TAMPA, Fla. -- Let's ease up on the talk about the Arizona Cardinals being at a disadvantage in Super Bowl XLIII because of their dearth of players with Super Bowl experience.

I'm as guilty as anyone for citing it as a key factor in why the Pittsburgh Steelers have the edge, so the easing will begin here.

This is what I saw: Twenty Steeler players who were part of the team that won Super Bowl XL and five Cardinals who have played in the Super Bowl, although not all of them having done so in recent years.

Simple, right?

But doing the math shouldn't necessarily carry substantial weight -- or any weight at all -- in picking Pittsburgh to win. It's one thing to say that the Steelers have the NFL's best defense or that they'll force more mistakes than they make. It's another to suggest that the members of their roster who were part of a Super Bowl-winning effort three years ago should influence the outcome because there are three times as many of them as there are players who have ever appeared in the big game for Arizona.

One only has to go back to last year, when the New York Giants faced the New England Patriots in Super Bowl XLII, to find flaws in that thinking. The Giants had a mere four players with Super Bowl experience, although only three had actually played in the big game -- defensive end Michael Strahan, wide receiver Amani Toomer, and offensive guard Grey Ruegamer. Of that group, only Ruegamer was previously part of a winning effort, in 2001 with the Patriots.

Clearly, a lack of Super Bowl experience didn't matter against an opponent that had won three Vince Lombardi trophies in the previous seven seasons.

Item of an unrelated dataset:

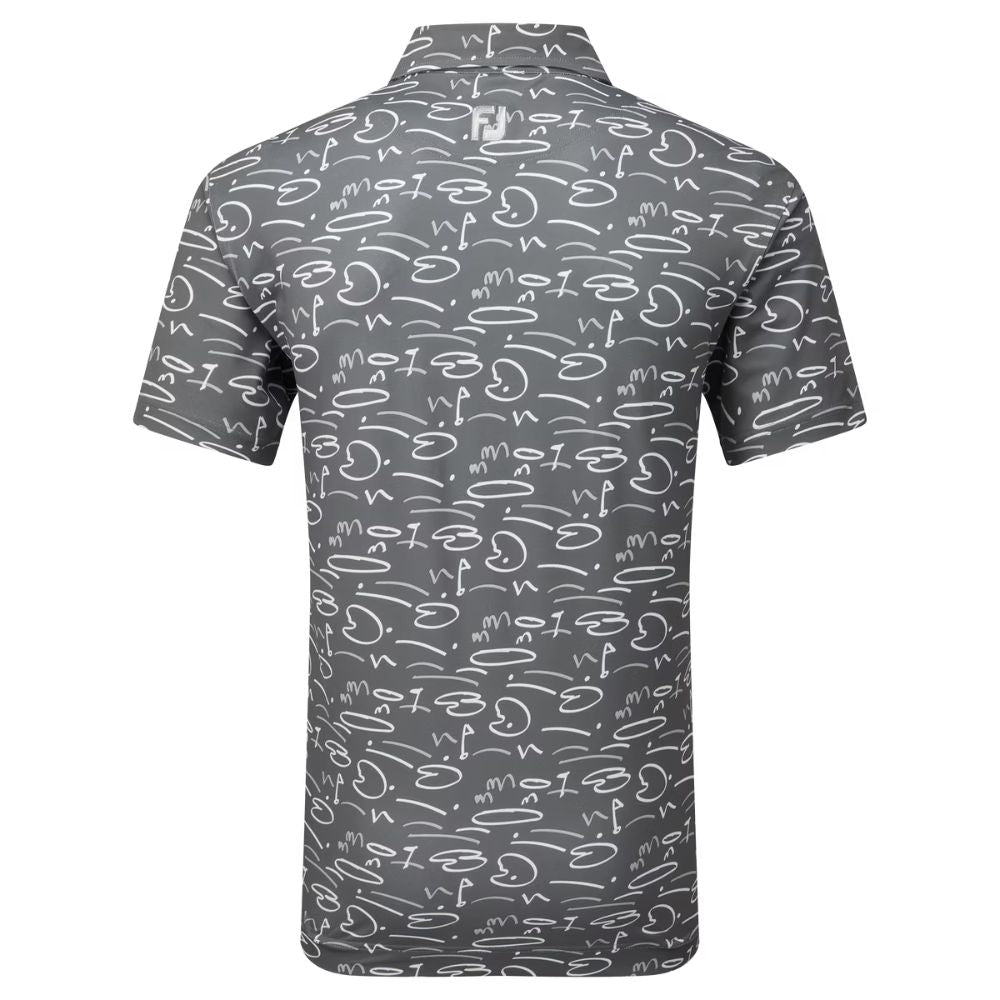 Footjoy Golf Course Doodle Pique Golf Polo Shirt 81584 - Gravel   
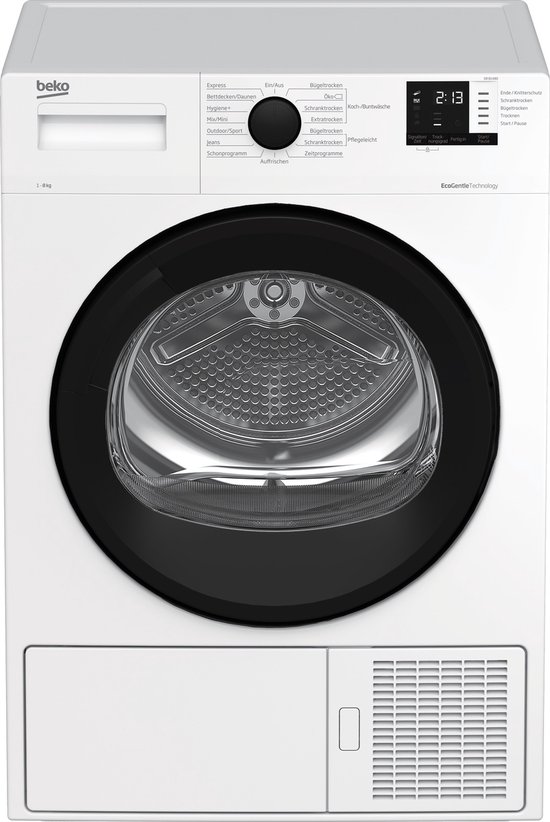 Beko DR81480 - Droger - Warmtepompdroger - Voorlader - 64 dB - 8 kg - Wit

The Giants' defense muffled what had been the most explosive offense in NFL history, and set the stage for the last-minute heroics of Eli Manning, David Tyree and Plaxico Burress.

The Steelers, for one, aren't buying that having so many more players with recent Super Bowl experience should count for anything.

"You can't compare Super Bowl game to Super Bowl game," Steelers safety Troy Polamalu said. "It's like comparing Week 5 last year to Week 5 the previous year. We just try to go perform each week, week by week."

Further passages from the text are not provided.